«

»

Democrat Judges Kill NC Voter ID Again

Dec 19, 2022 (Sanford, NC) While you were preparing for Christmas last week, North Carolina’s lame duck Democrat-majority state Supreme Court was blowing up the state’s Constitution one last time.

Among their lame duck rulings was one that killed the state’s second legitimately enacted and woefully weak voter ID law, by claiming the Legislature had “racial discrimination” as a “motivating factor.”

If your blood isn’t already boiling over this bogus excuse to kill voter ID again, then consider the Jenga Block to the Left’s incredibly racist argument, which assumes, black people are too stupid to get a voter ID.

How did NC’s state Supreme Court conclude this to be true? Well… because the Left’s brought an “expert witnesses” who gave the Court the juice to claim “African American voters are more likely than white voters to lack a form of qualifying ID” (see p.55 of this ruling).

Another factor involved an additional Leftist “expert witness” who opined that since the bill (SB 824) was passed during the “unprecedented lame duck regular session” (see p. 80), the law was somehow worthy of being wiped away through lawfare.

Of course, that argument ignored one inconvenient question:

If it was wrong for a lame-duck Republican Legislature to pass the bill, how is it right for a lame-duck Democrat Supreme Court’ to kill it?

Solutions Anyone

The irony of NC’s now dead, voter ID law is that it was laughably weaker then either of the two laws already APPROVED BY SCOTUS. Nonetheless, a lame duck Democrat court negated the law and suggested the Legislature come up with something even more fraud-friendly.

“Other, less restrictive voter ID laws would have sufficed to achieve the legitimate nonracial purposes of implementing the constitutional amendment requiring voter ID, deterring fraud, or enhancing voter confidence” (see p. 101).

Retired Supreme Court Justice John Paul Stevens

We advise now as we did in 2018, the simplest solution to this Gordian knot is to pass an exact copy of either voter ID law that was affirmed by the US Supreme Court in 2008 by a 6-3 super majority.

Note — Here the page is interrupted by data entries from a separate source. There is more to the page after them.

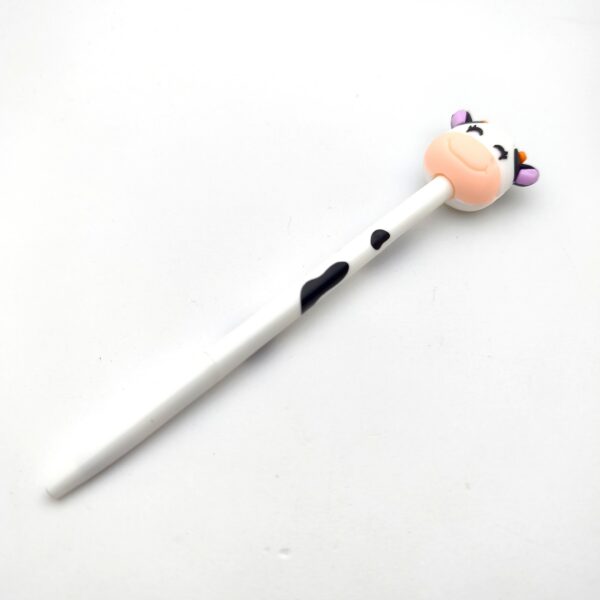 Stylo - Vache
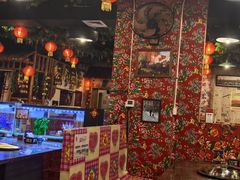 -粗粮人家·东北菜(洋桥店)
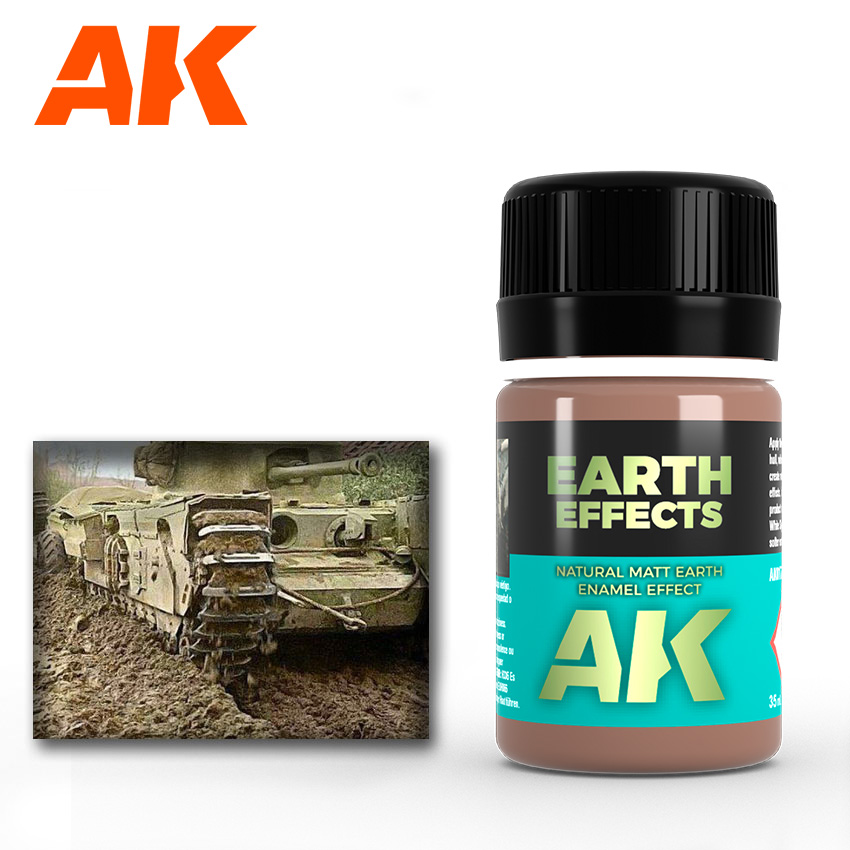 Buy Earth Effects online for 3,75€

Key to the case back then was the plaintiffs’ inability to produce even one victim who was unable to vote because of the two states’ voter ID law. That problem still haunts Plaintiffs today.

Unlike NC’s idiotic “reasonable impediment” loophole” our (then) GOP super-majority enacted, Indiana’s SCOTUS-approved law said, “A voter who has photo identification but is unable to present that identification on election day may file a provisional ballot that will be counted if she brings her photo identification to the circuit court clerk’s office within 10 days.”

North Carolina’s solution to the voter who was unable to present an ID was for the voter to sign a piece of paper swearing that they were unable to present an ID. If you think that’s an over simplification, we posted the receipts, proving that unenforceable “reasonable impediment declaration” back when it first reared its ugly head (see it here).

But back to the positive way ahead, the entire Georgia and Indiana SCOTUS case history can be found here, but the bottom line, written by Democrat-appointed Justice Stevens, is that Indiana and Georgia both enacted laws that were acceptable to the court.

“There is no question about the legitimacy or importance of a State’s interest in counting only eligible voters’ votes. Finally, Indiana’s interest in protecting public confidence in elections, while closely related to its interest in preventing voter fraud, has independent significance, because such confidence encourages citizen participation in the democratic process.” – Justice John Paul Stevens

Why can’t our lawmakers do likewise?